東京五輪サーフィン女子日本代表に選ばれた 都筑 有夢路さん 鵠沼海岸在住 20歳
自分を信じてここにいる
○…「口数が少ない」「おてんば」「運動神経はいい」。幼少時代を振り返った母の評だ。言葉に出さずとも己の信念に従って努力し、未踏の領域に足を踏み入れる。その片鱗が垣間見える。沼から巣立った20歳の新星は、夢の実現に向けて大きく前進した。目指すべき景色は見えている。表彰台の頂上、胸に輝くのは金色のメダルだ。
○…15歳でプロ転向。19年9月にスペインの国際大会で優勝する快挙を達成し、世間を驚かせた。同年11月には台湾で開かれた大会も制覇し、18歳以下の世界一に。現在は日本人女子としては唯一、プロ最高峰のチャンピオンシップツアー(CT)に参戦している。アマ時代はタイトルなど一つもない。世界を主戦場にしてからも成績が伸び悩み、苦しんだ時期もある。だが、どんな苦境でも自分を信じた。「それが今、ここにいる理由かな」。努力の数が自信をつけてくれると、今は知っている。
○…沼ローカルの間では「あむちゃん」の愛称で親しまれる。

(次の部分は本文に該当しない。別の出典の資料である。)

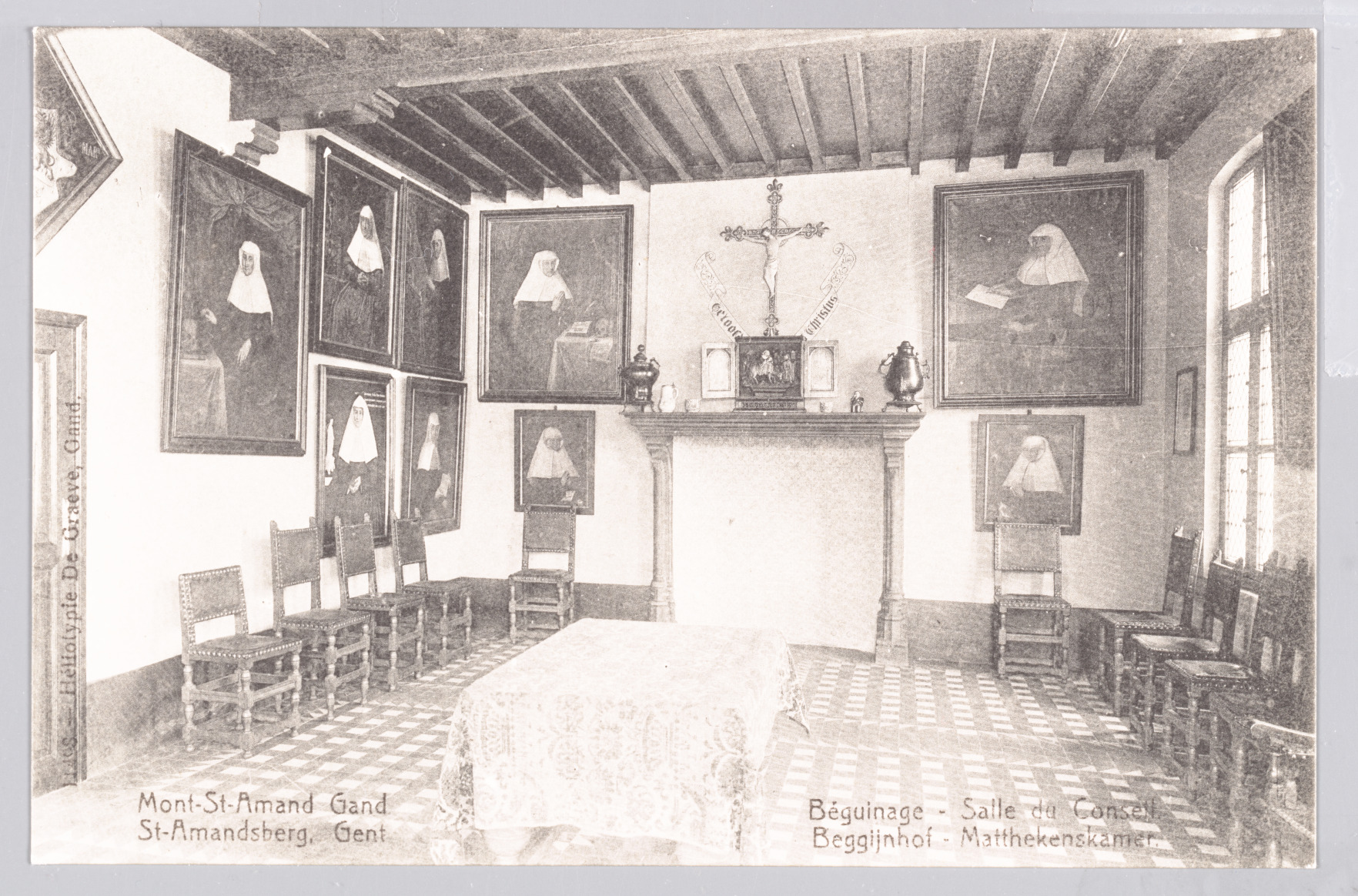 Sint-Amandsberg: Groot Begijnhof: Matthekenskamer (raadszaal)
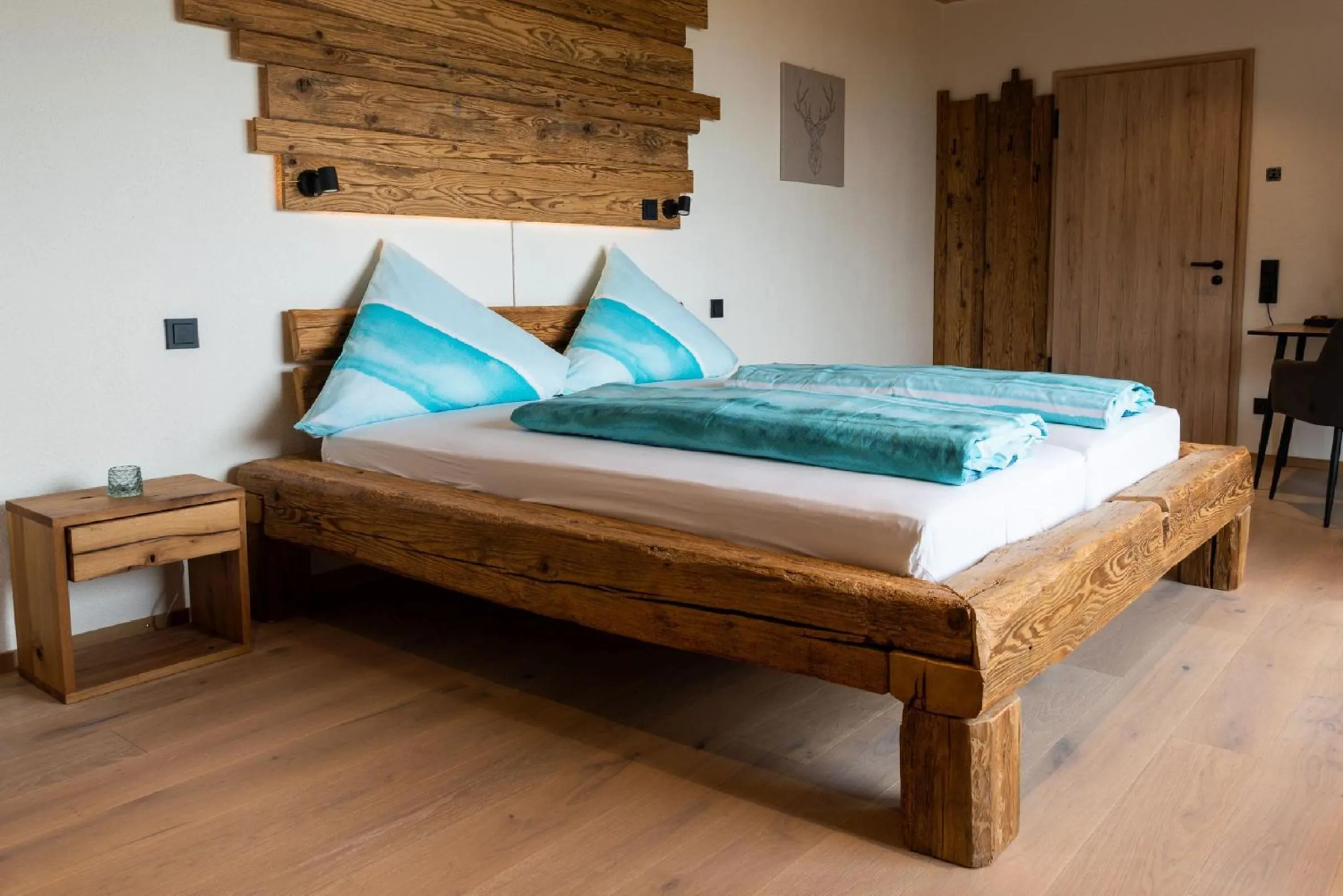 Bedroom, Bed in Gästehaus Kaltenbach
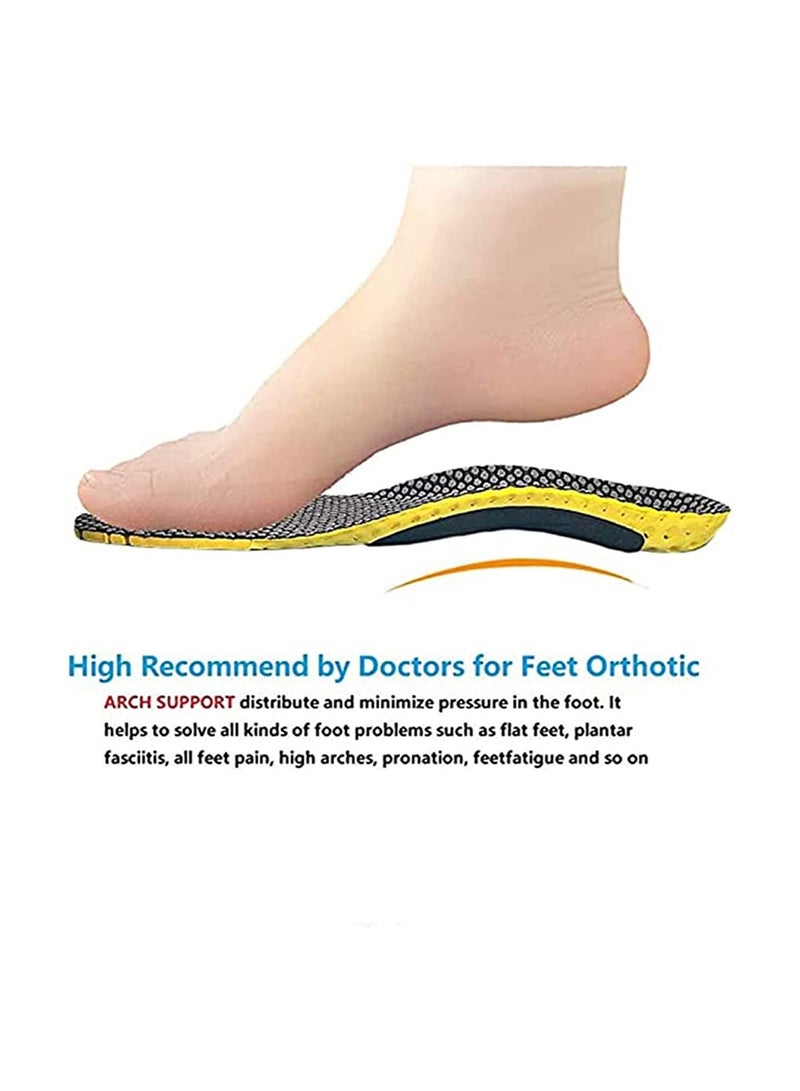 Orthotic Shoes Insole Super Support Foot Pain Relief Orthotics for Flat Feet Arch Insert for Severe Flat Feet Plantar Fasciitis Feet Pain Foot Valgus for Man And Woman Size:36-41 - Image 3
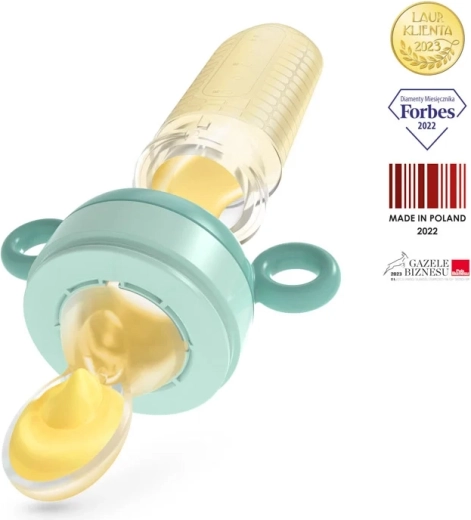 Neno Gusto silicone feeding pacifier with spoon 2-in-1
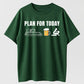 Plan For Today Boat Beer Sex Funny Graphic Pure Cotton T-Shirt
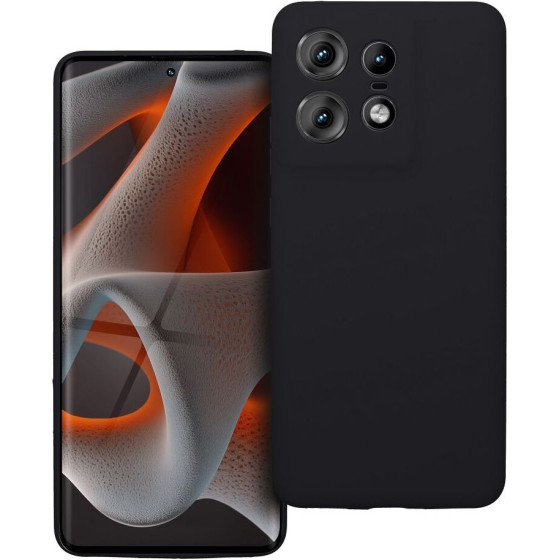 Case Silicone 2mm For Motorola Edge 50 Pro Black OEM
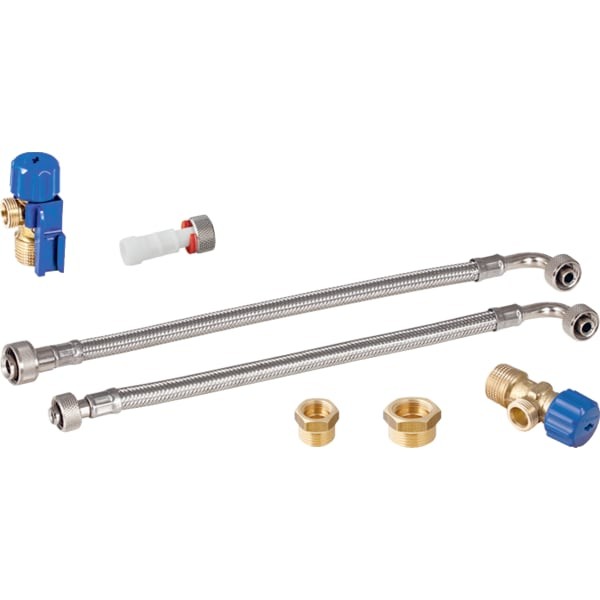 Geberit Wasseranschlussset hinten mittig zu Monolith Sanitärmodul, für WC 114 cm, 131012001 131012001 Image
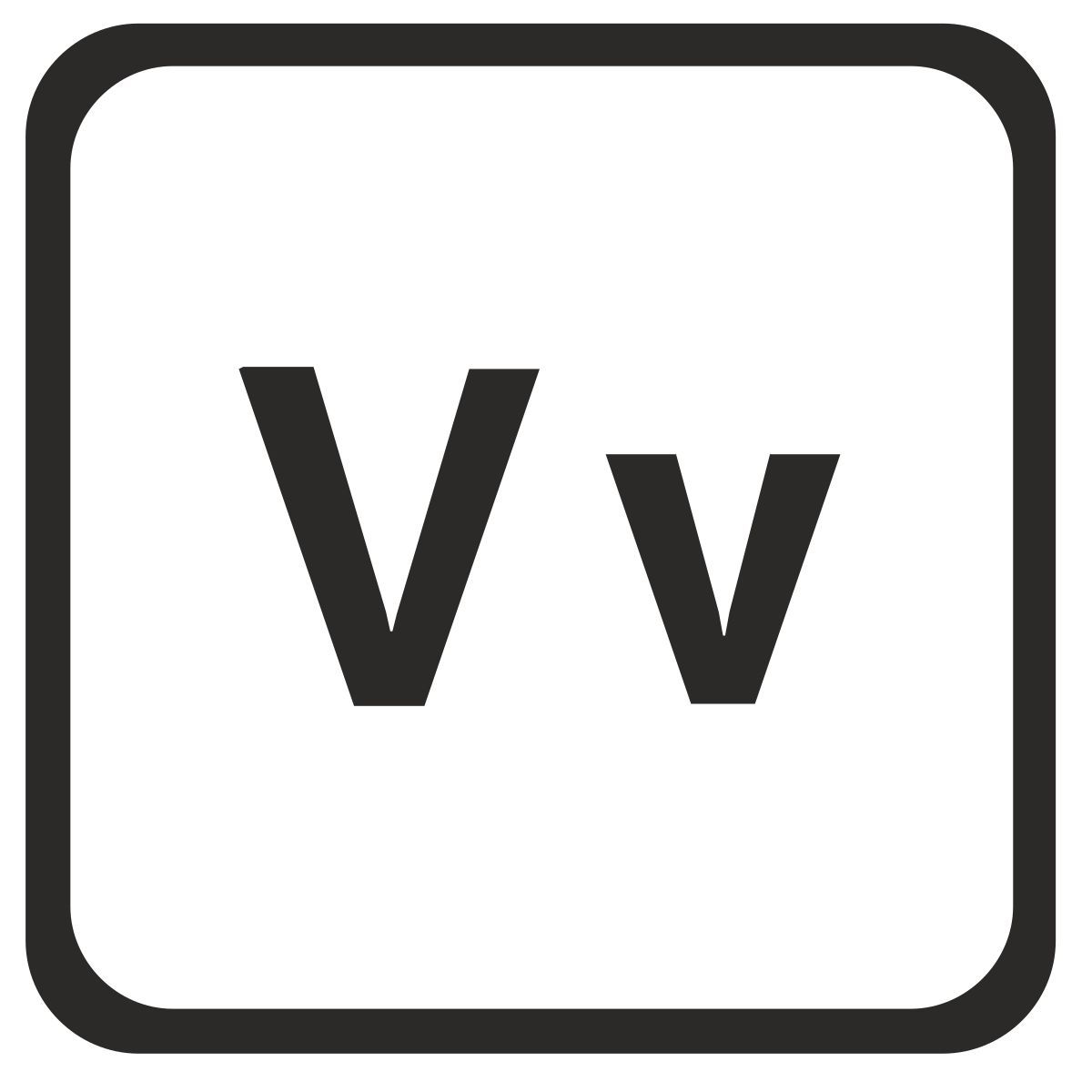 v icon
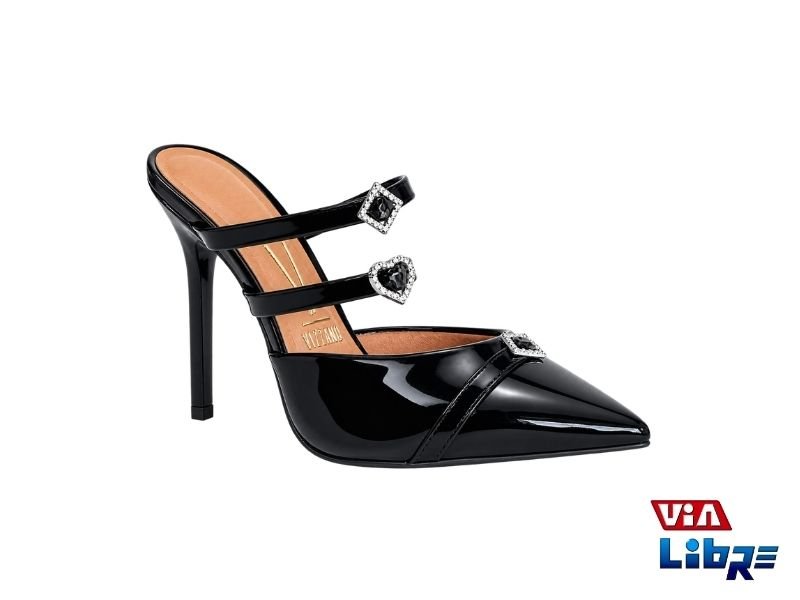 Zapato tipo stiletto vizzano negro - Imagen 4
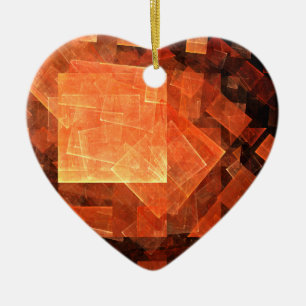 Window Light Abstract Art Heart Ornament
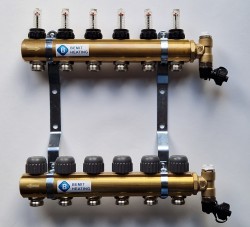 ROZDZIELACZ MOSIĄDZ PODŁOGOWY  / 10 OBWODOWY HEAT BASIC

小学4年生までクラシックバレエに打ち込んだが、父と兄の影響でサーフィンを始め、自宅から徒歩5分の海に通い詰めた。CTサーファーとなった今も心のホームは慣れ親しんだ海だ。「海外に行くと沼が恋しくて。帰ってくるとすごく落ち着く」。そう語る表情にあどけなさがのぞく。
○…五輪開催を巡ってはほとんどの会場で無観客開催が決まったが、「大人のことはよく分からない」。やるべきことは自分のパフォーマンスをするだけ。目の前の試合に集中するだけだ。五輪はサーフィンという競技の裾野を広げる絶好の機会でもある。「活躍すれば知ってもらえるきっかけになる。そうなれるようがんばりたい」。一際言葉に力がこもった。